START Information shown
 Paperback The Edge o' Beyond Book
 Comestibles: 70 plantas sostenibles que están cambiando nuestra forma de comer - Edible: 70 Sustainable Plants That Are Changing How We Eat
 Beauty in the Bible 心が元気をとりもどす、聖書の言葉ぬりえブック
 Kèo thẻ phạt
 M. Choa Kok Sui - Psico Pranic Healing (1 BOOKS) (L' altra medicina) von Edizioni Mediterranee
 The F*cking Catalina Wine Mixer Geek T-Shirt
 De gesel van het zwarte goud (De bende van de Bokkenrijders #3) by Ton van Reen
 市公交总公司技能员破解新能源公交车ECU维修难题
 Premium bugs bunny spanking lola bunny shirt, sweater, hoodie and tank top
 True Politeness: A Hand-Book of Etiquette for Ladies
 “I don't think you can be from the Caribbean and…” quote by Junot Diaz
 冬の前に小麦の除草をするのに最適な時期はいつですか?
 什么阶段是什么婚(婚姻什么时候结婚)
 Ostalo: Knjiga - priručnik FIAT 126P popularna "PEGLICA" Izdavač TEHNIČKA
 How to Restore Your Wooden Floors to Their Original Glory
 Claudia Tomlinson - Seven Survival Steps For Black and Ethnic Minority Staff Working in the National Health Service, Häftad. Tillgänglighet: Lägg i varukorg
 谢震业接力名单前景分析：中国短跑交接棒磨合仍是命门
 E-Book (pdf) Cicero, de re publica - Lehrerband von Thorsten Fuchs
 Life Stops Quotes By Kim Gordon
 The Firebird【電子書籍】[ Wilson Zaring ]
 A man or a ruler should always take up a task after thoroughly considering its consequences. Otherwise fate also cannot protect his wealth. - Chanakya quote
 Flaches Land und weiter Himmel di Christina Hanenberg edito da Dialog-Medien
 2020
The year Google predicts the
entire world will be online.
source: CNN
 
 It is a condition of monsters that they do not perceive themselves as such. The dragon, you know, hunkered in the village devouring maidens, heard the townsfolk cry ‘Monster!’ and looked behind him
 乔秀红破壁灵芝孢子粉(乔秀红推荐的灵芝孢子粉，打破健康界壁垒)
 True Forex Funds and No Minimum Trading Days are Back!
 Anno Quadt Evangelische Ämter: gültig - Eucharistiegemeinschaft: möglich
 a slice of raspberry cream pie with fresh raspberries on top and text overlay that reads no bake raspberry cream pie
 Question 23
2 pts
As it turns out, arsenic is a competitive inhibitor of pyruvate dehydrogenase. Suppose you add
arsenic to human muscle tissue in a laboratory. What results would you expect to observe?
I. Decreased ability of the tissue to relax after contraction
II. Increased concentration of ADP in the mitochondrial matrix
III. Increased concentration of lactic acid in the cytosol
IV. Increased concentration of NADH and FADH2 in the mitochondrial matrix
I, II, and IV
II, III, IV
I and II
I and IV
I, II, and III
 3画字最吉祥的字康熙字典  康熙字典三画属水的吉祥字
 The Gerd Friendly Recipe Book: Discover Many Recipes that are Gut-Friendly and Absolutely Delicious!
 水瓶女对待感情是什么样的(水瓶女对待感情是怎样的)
END Information shown
→ Your instructions
Would you show each line of the material above that contains the string "Increased"?

→ Task result
II. Increased concentration of ADP in the mitochondrial matrix
III. Increased concentration of lactic acid in the cytosol
IV. Increased concentration of NADH and FADH2 in the mitochondrial matrix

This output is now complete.